** Given data **
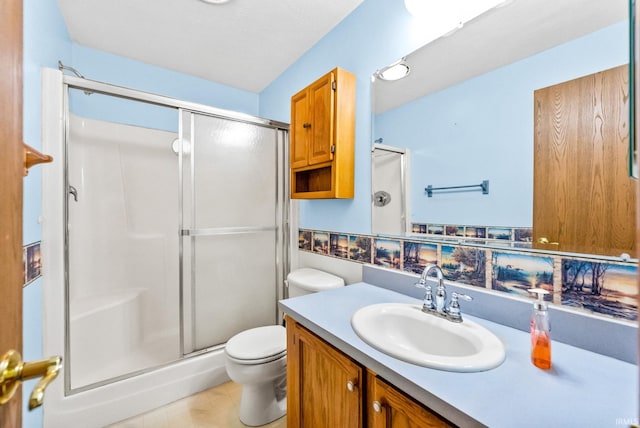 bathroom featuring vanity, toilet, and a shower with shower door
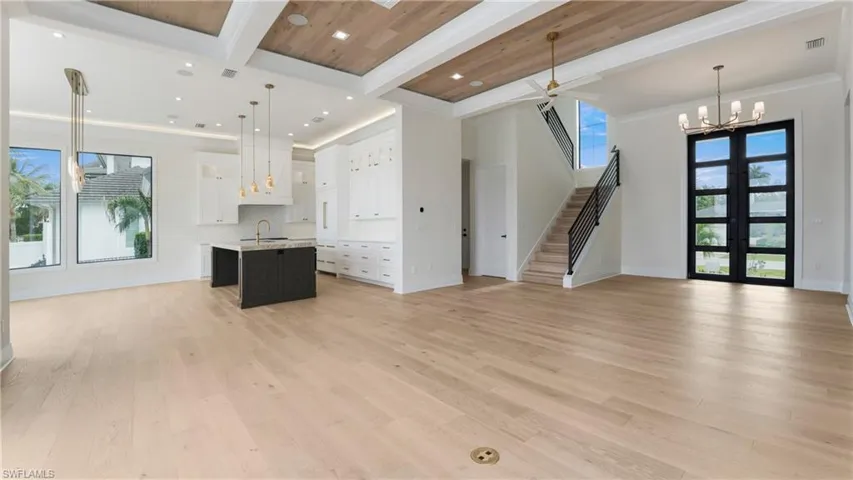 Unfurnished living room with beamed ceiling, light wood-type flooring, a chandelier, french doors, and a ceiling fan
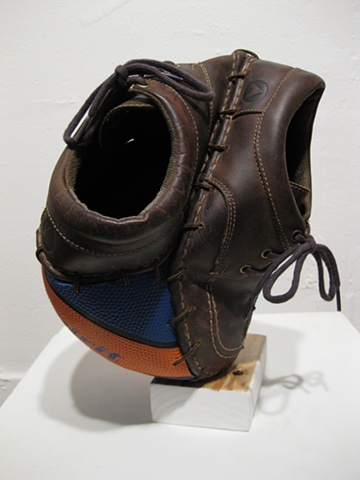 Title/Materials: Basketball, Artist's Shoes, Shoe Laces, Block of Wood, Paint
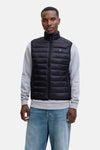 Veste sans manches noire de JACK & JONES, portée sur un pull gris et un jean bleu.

---

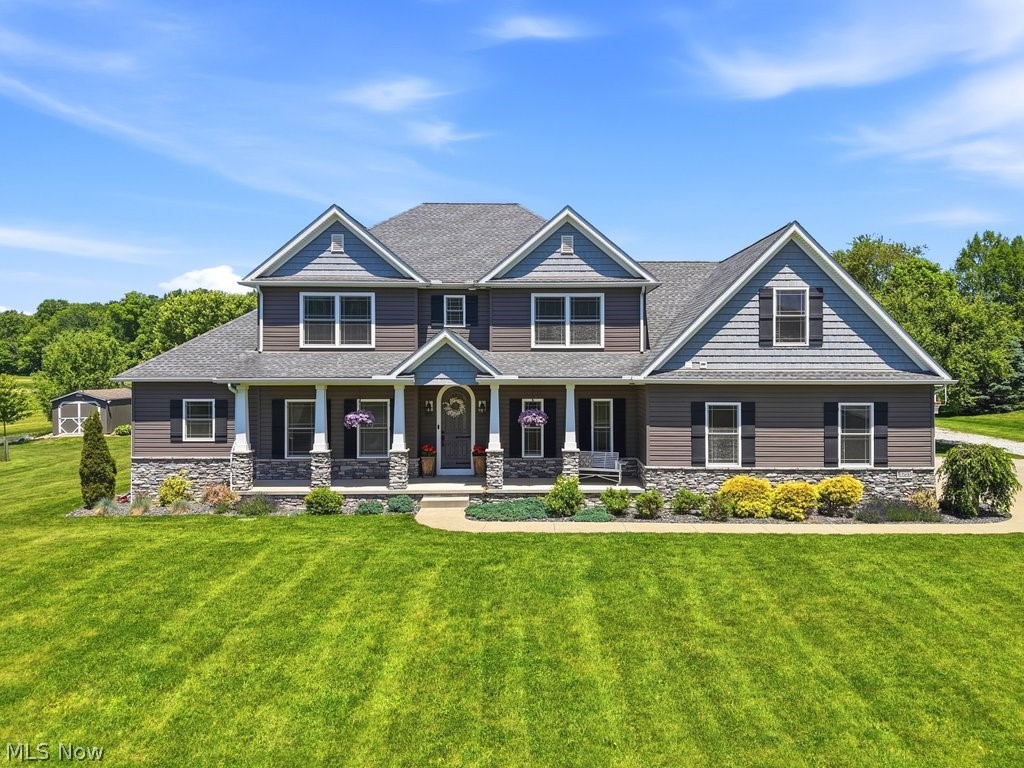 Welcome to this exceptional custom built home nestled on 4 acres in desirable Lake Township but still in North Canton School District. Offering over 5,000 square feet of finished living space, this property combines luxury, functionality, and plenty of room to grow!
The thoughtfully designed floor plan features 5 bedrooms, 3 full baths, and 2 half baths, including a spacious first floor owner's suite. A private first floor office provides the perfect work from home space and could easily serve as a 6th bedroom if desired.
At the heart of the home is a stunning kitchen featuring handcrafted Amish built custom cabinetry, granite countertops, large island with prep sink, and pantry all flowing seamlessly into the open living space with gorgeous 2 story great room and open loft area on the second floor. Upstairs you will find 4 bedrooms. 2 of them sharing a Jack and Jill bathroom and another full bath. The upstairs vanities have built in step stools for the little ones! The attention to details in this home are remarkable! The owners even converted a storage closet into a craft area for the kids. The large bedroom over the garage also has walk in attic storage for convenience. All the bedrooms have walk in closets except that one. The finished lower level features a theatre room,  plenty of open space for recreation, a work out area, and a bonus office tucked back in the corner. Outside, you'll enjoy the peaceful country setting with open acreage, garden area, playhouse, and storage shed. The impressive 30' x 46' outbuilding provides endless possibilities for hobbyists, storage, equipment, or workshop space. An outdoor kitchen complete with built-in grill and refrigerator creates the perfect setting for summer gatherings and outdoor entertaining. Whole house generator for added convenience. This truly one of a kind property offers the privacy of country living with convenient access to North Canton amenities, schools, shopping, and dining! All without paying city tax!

** Directions **
Since the pictures are not part of the copy, please transcribe only the lines above from the one with "Title/Materials: Basketball, Artist's" through the one with "Veste sans manches", exactly and with both ends.

** Answer to this task **
 Title/Materials: Basketball, Artist's Shoes, Shoe Laces, Block of Wood, Paint
 Veste sans manches noire de JACK & JONES, portée sur un pull gris et un jean bleu.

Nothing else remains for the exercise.